In People v Zimmer (51 NY2d 390 [1980]), the court reversed a conviction and dismissed an indictment obtained by a District Attorney who had a financial interest in the corporation in the course of whose management the defendant is alleged to have committed the offenses for which he was prosecuted. *535The court held that where the District Attorney has a financial interest in and is the "legal spokesman” for the corporation which is alleged to be directly affected by the defendant’s alleged actions, that District Attorney has a conflict of interest which prohibits him from conducting the prosecutions of the case. In so holding, the court stated (supra, at 393): "Unlike other participants in the traditional common-law adversarial process, whose more singular function is to protect and advance the rights of one side, a District Attorney carries an additional and more sensitive burden. It is not enough for him to be intent on the prosecution of his case. Granted that his paramount obligation is to the public, he must never lose sight of the fact that a defendant, as an integral member of the body politic, is entitled to a full measure of fairness. Put another way, his mission is not so much to convict as it is to achieve a just result”.
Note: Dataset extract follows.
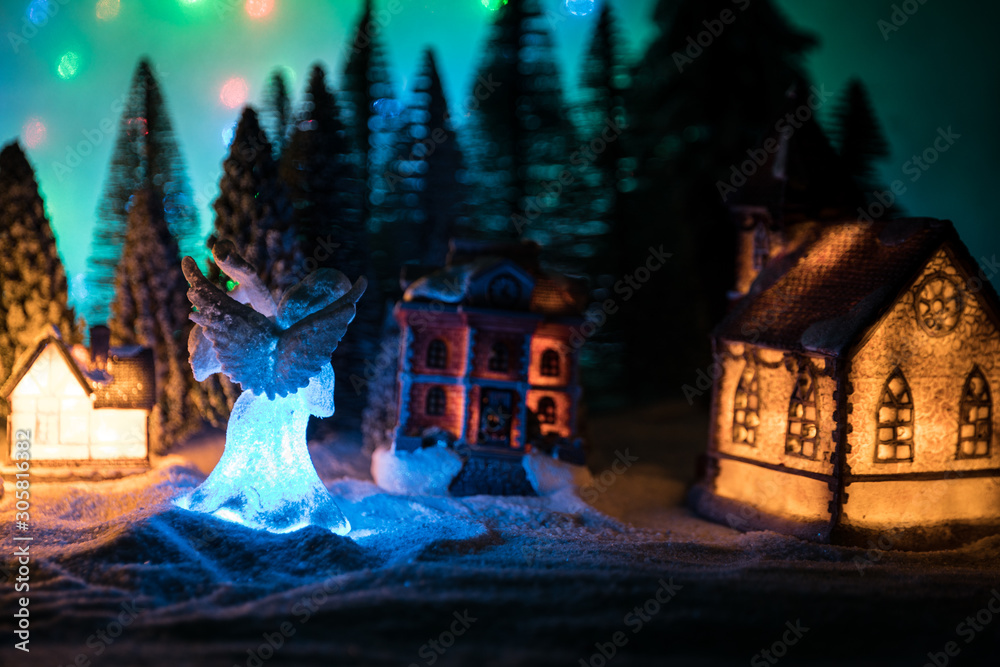 New Year miniature house in the snow at night with fir tree. New Year miniature house in the snow at night with fir tree.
Accordingly, in People v Zimmer (supra) the court found that, "due process implications” were presented when there existed any potential for prejudice to a defendant due to a prosecutor’s conflict of interest. Stating (supra, at 394) that it was "simplistic * * * to think of the impact of a prosecutor’s conflict of interest merely in terms of explicit instances of abuse”, the court concluded that the avoidance of possible prejudice was not achieved by judicial scrutiny of the prosecutor’s actions to determine if the prosecutor’s conflict of interest actually prejudiced the defendant. Rather, the court held that the existence of any "reasonable potential for prejudice will suffice [to require that the prosecutor be recused]”. (People v Zimmer, supra, at 395.) The court found that the District Attorney’s financial and attorney-client relationship with the corporation which was alleged to have been affected by the defendant’s actions was a conflict of interest which clearly presented a potential for prejudice to the defendant.
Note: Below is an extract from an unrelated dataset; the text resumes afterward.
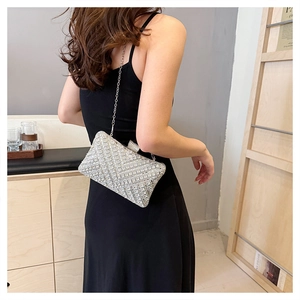 Detailed close-up of a luxury silver rhinestone clutch bag with elegant chain strap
In Young v United States ex rel. Vuitton et Fils (481 US 787 [1987]), the court held that the District Court’s appointment of one of the attorneys in a civil case to prosecute an opposing party in the case on a charge of criminal contempt arising out of the violation of the court’s injunction was improper. Six Justices found it unnecessary to determine whether this error violated the defendants’ due process rights, relying instead on the court’s supervisory power to hold that the same conflicts which, under Federal statutes and contemporary standards of fair and impartial prosecution, prohibit prosecution by an interested government prosecutor also prohibit prosecution by

*536an interested private prosecutor. Justice Blackmun concurred with those six Justices and further stated that such conflicts also violate due process. Justice Brennan, writing the opinion of the court, in a section in which only three Justices concurred in holding that the harmless error rule did not apply (supra, at 810), stated: "An error is fundamental if it undermines confidence in the integrity of the criminal proceeding. Rose v. Clark, 478 U. S. 570, 577-578 (1986); Van Arsdall, supra, at 681-682; Vasquez v. Hillery, 474 U. S. 254, 263-264 (1986). The appointment of an interested prosecutor raises such doubts. Prosecution by someone with conflicting loyalties 'calls into question the objectivity of those charged with bringing a defendant to judgment.’ Vasquez, supra, at 263. It is a fundamental premise of our society that the state wield its formidable criminal enforcement powers in a rigorously disinterested fashion, for liberty itself may be at stake in such matters. We have always been sensitive to the possibility that important actors in the criminal justice system may be influenced by factors that threaten to compromise the performance of their duty.” Justice Blackmun, in his concurring opinion (supra, at 814-815), stated: "I join Justice Brennan’s opinion. I would go further, however, and hold that the practice— federal or state — of appointing an interested party’s counsel to prosecute for criminal contempt is a violation of due process. This constitutional concept, in my view, requires a disinterested prosecutor with the unique responsibility to serve the public, rather than a private client, and to seek justice that is unfettered. See Brotherhood of Locomotive Firemen & Enginemen v. United States, 411 F. 2d 312, 319 (CA5 1969); see generally Note, Private Prosecutors in Criminal Contempt Actions under Rule 42 (b) of the Federal Rules of Criminal Procedure, 54 Ford. L. Rev. 1141, 1146-1166 (1986).”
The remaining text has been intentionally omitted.